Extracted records
· · · ·

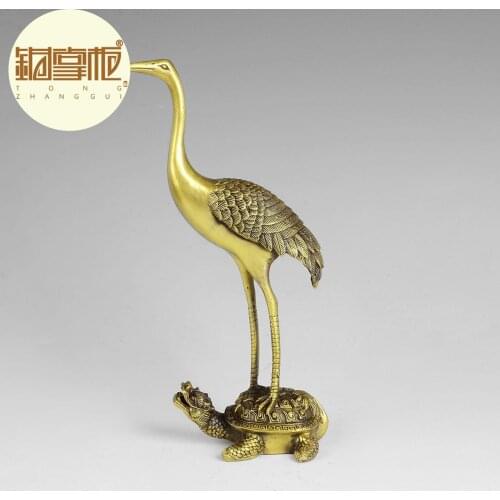 A copper ornaments have a long birthday gift too have copper craneroomcraft Art Statue Home decoration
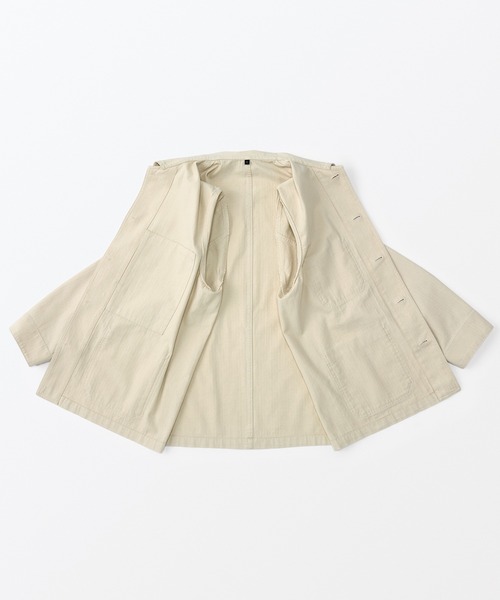 無印良品（ムジルシリョウヒン）の「紳士　木の実から作ったカポック混ヘリンボーン　カバーオール（カバーオール・メンズ・キナリ/ブルー系/ブラック・S/M/L/XL）」の10枚目の写真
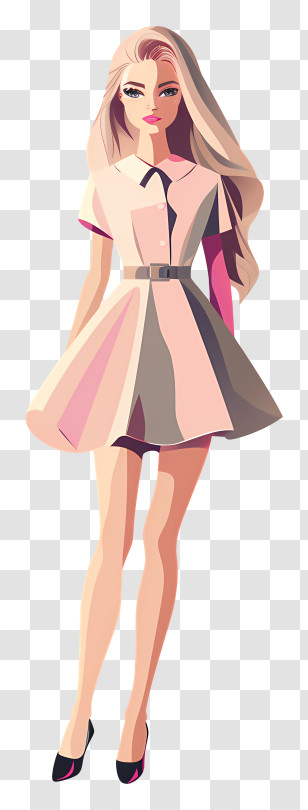 Barbie - Fashionable Girl In Dress And Heels Transparent PNG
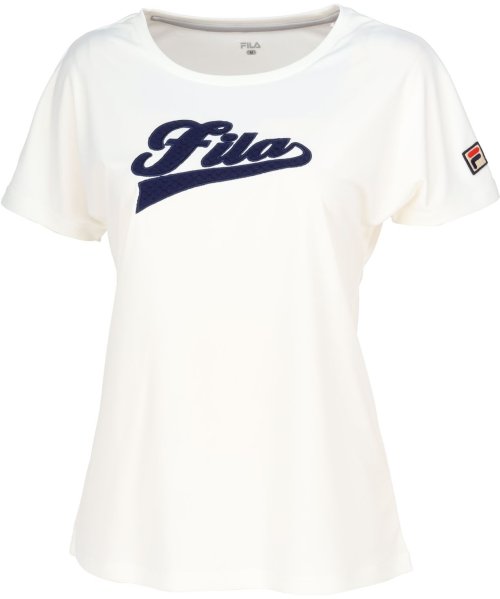FILA（ZETT Ladies）(フィラ（ゼット　レディース）)/【テニス】もこもこ裏毛ロゴ アップリケ Tシャツ レディース/オフホワイト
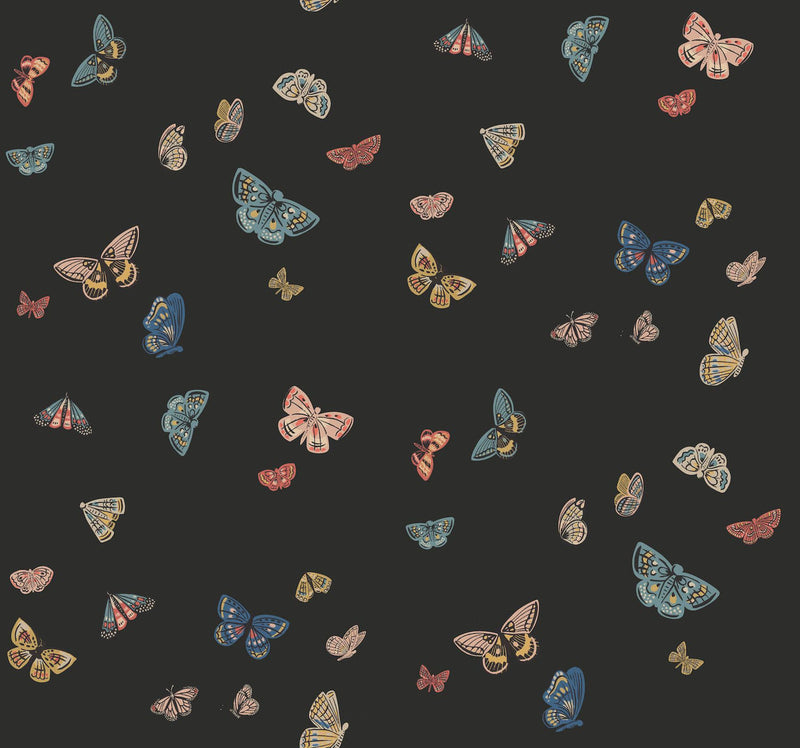 Rifle Paper Co. Butterfly House Black Wallpaper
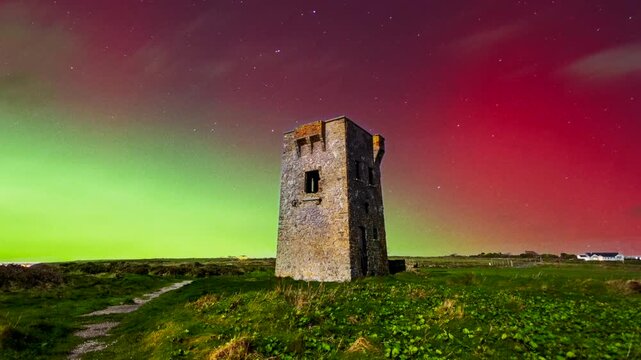 Northern lights and Knockadoon Signal Tower, Cork, Ireland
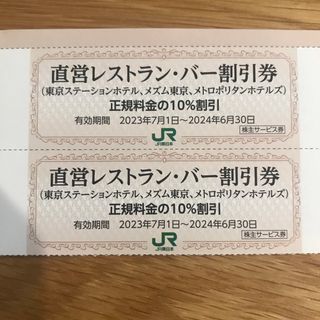 ジェイアール(JR)のJR東日本株主優待　レストラン割引券　2枚(レストラン/食事券)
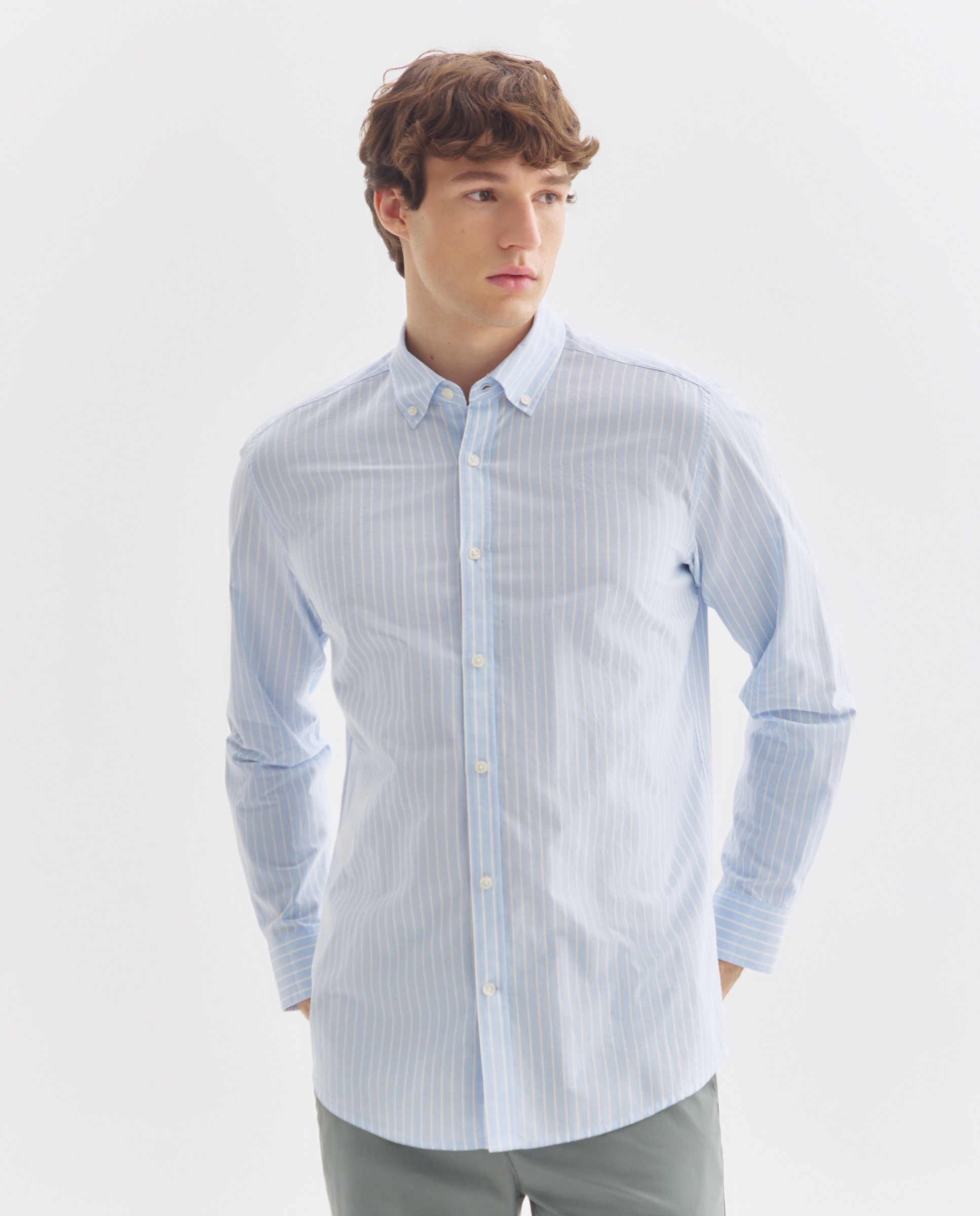 Imagen 0 de Camisa sport hombre chambray con rayas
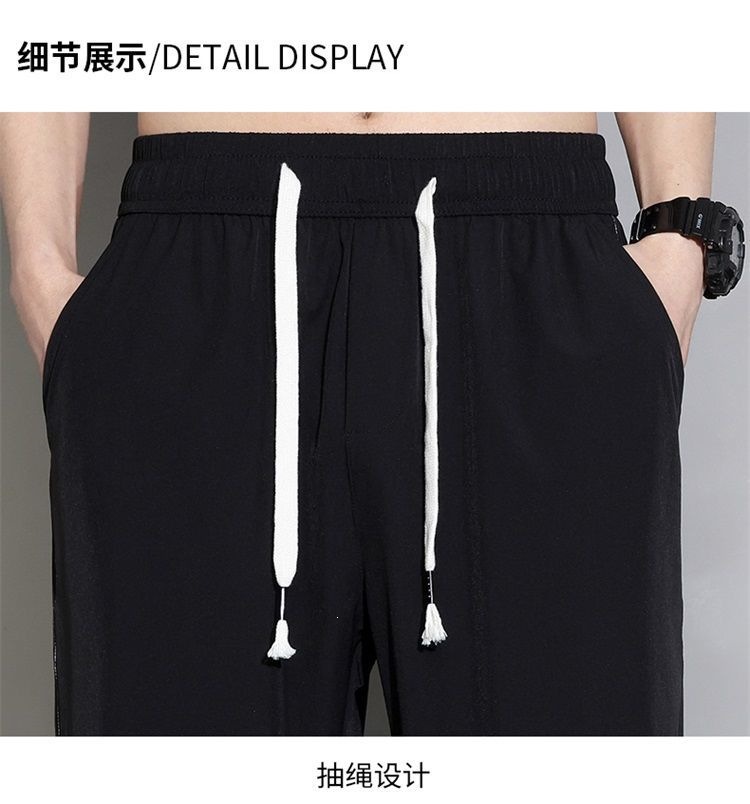 Quần jogger nam bo gấu dài ống bó, chất liệu băng lụa mỏng mùa hè, form rộng thùng thình, phong cách thể thao, nhiều size từ M đến 8XL — màu đen, màu xám đậm, màu kaki chi tiết 24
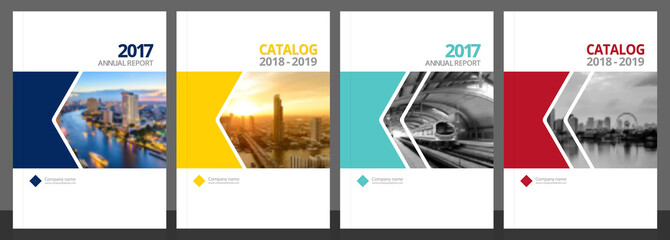 cover design for annual report and business catalog, magazine, flyer or booklet blue, yellow, red, a
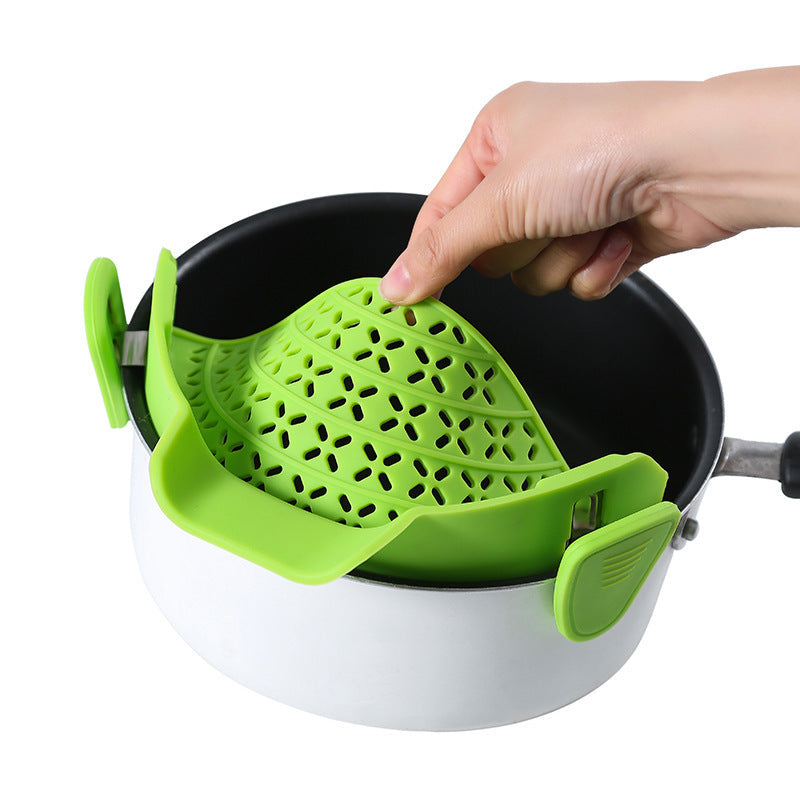 Bouchon d'égouttage latéral en silicone pour casserole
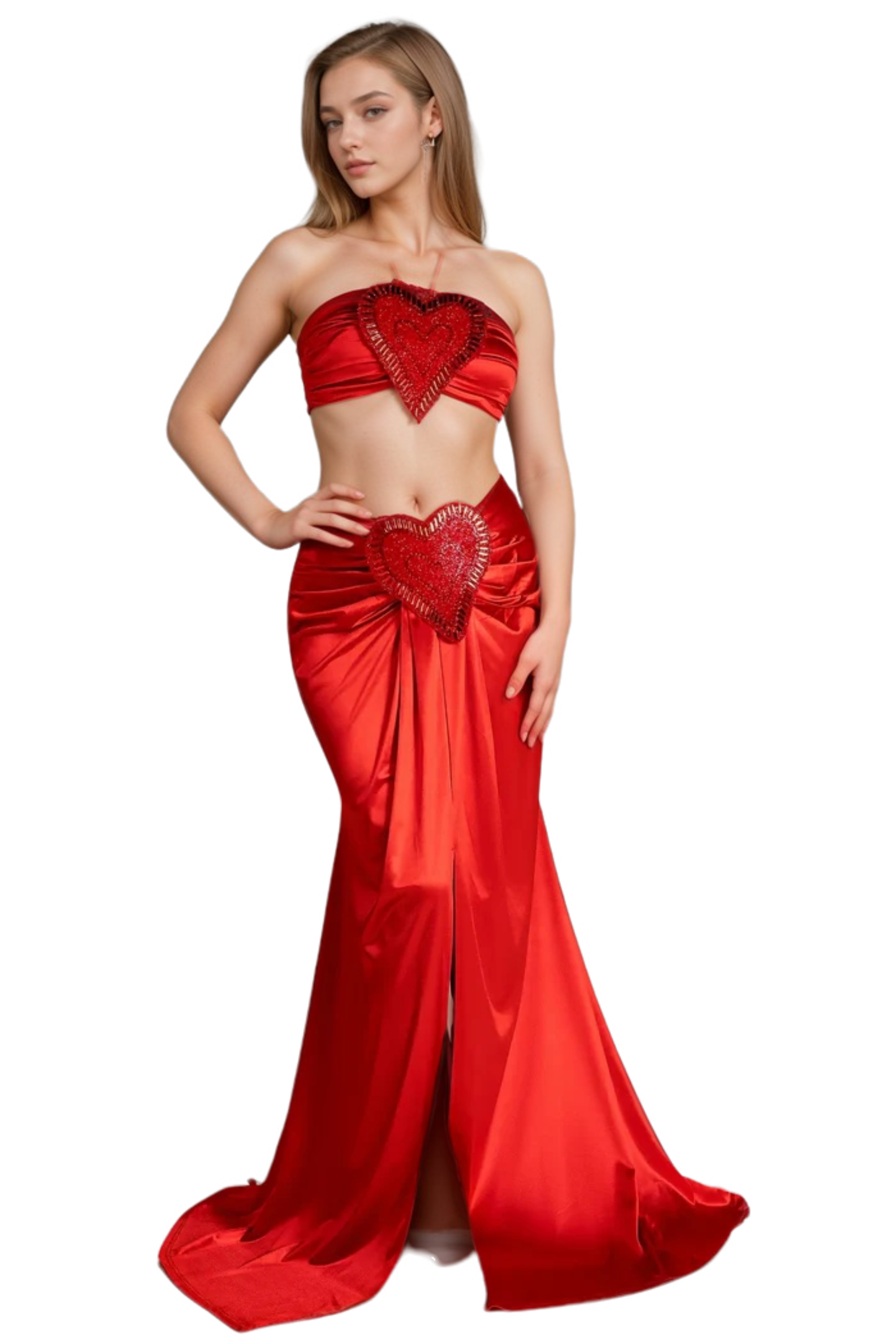 Antonia Mesi Halter Neck Heart Embellished 2 Piece Set - Women's Sexy Crop Top & Skirt Outfit for Date Night, Party, and Summer Vacation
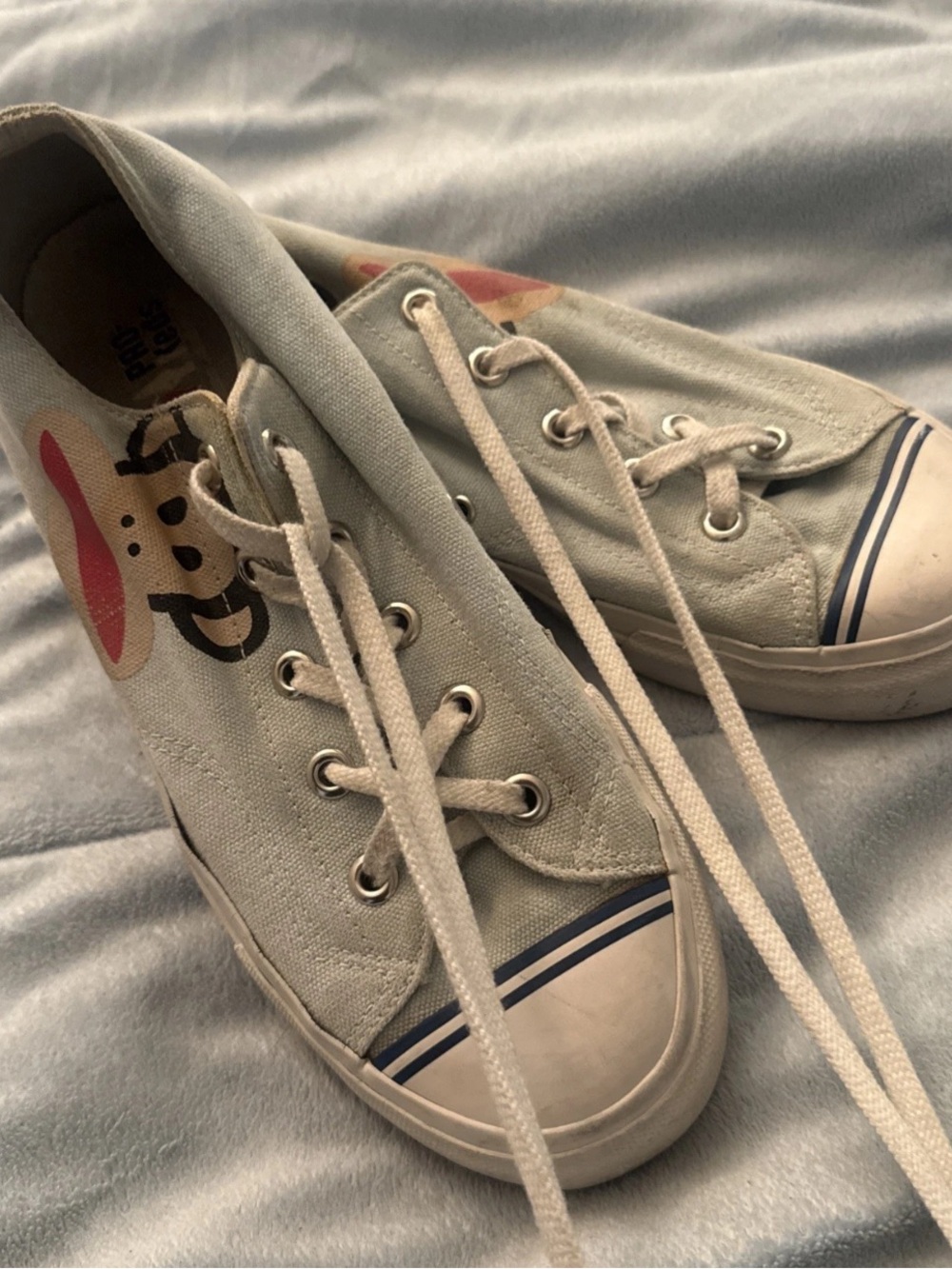 Vintage 90's Paul Frank Pro Keds Canvas Sneakers W8 M6.5 Blue Julius Monkey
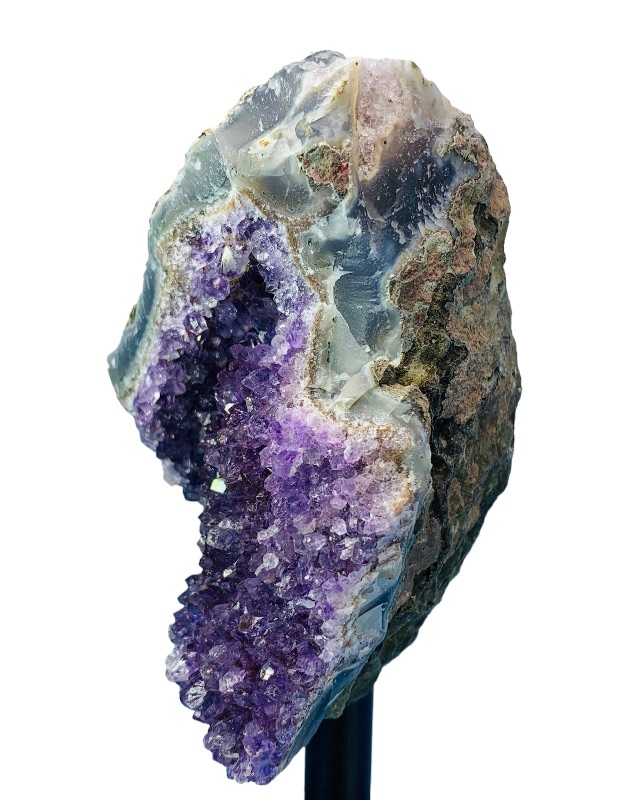 Photo 3 of 665506… amethyst crystal rock formation on display stand 4” total height 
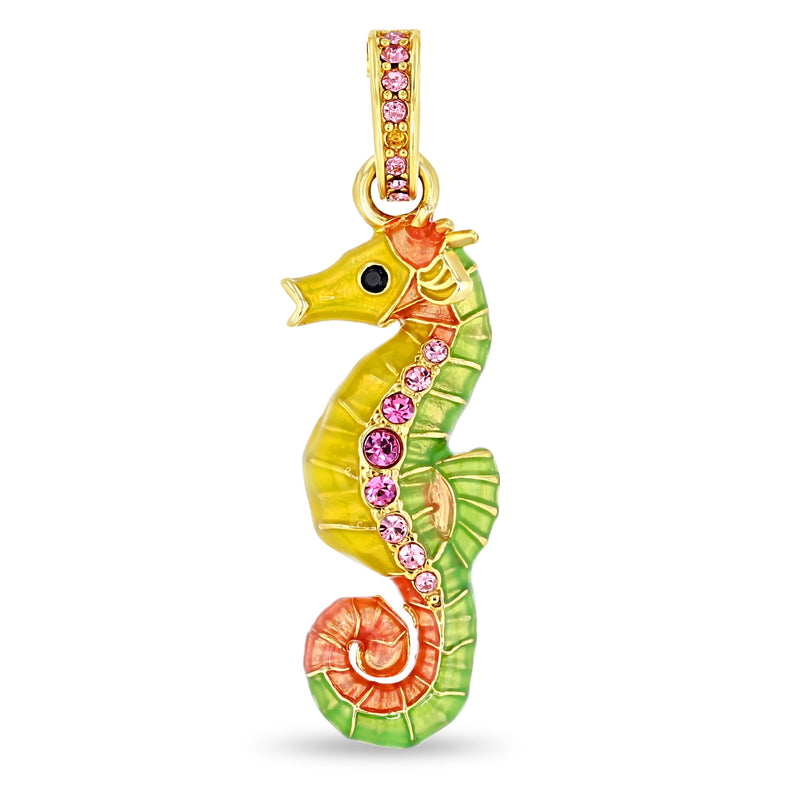 Summer Pastel Seahorse Enhancer Charm by Ritzy Couture DeLuxe - 18k Gold Plating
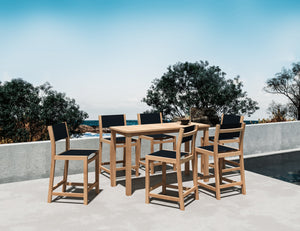 Marais 7-Piece Rectangular Teak Outdoor Counter Height Dining Set in Black Outdoor Dining Set
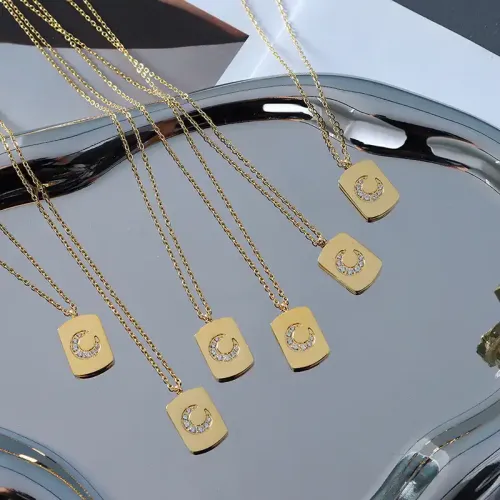 FXNT758 Elegant Korean Moonstone Pendant Necklace with Square Hao Stone Accent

· · · ·

* **Your instructions**
Could the entries above be written out word for word, with no pictures?

* **Finished task**
 A copper ornaments have a long birthday gift too have copper craneroomcraft Art Statue Home decoration
 無印良品（ムジルシリョウヒン）の「紳士　木の実から作ったカポック混ヘリンボーン　カバーオール（カバーオール・メンズ・キナリ/ブルー系/ブラック・S/M/L/XL）」の10枚目の写真
 Barbie - Fashionable Girl In Dress And Heels Transparent PNG
FILA（ZETT Ladies）(フィラ（ゼット　レディース）)/【テニス】もこもこ裏毛ロゴ アップリケ Tシャツ レディース/オフホワイト
 Rifle Paper Co. Butterfly House Black Wallpaper
 Northern lights and Knockadoon Signal Tower, Cork, Ireland
 ジェイアール(JR)のJR東日本株主優待　レストラン割引券　2枚(レストラン/食事券)
 Imagen 0 de Camisa sport hombre chambray con rayas
 Quần jogger nam bo gấu dài ống bó, chất liệu băng lụa mỏng mùa hè, form rộng thùng thình, phong cách thể thao, nhiều size từ M đến 8XL — màu đen, màu xám đậm, màu kaki chi tiết 24
 cover design for annual report and business catalog, magazine, flyer or booklet blue, yellow, red, a
 Bouchon d'égouttage latéral en silicone pour casserole
 Antonia Mesi Halter Neck Heart Embellished 2 Piece Set - Women's Sexy Crop Top & Skirt Outfit for Date Night, Party, and Summer Vacation
 Vintage 90's Paul Frank Pro Keds Canvas Sneakers W8 M6.5 Blue Julius Monkey
 Photo 3 of 665506… amethyst crystal rock formation on display stand 4” total height 
 Summer Pastel Seahorse Enhancer Charm by Ritzy Couture DeLuxe - 18k Gold Plating
 Marais 7-Piece Rectangular Teak Outdoor Counter Height Dining Set in Black Outdoor Dining Set
 FXNT758 Elegant Korean Moonstone Pendant Necklace with Square Hao Stone Accent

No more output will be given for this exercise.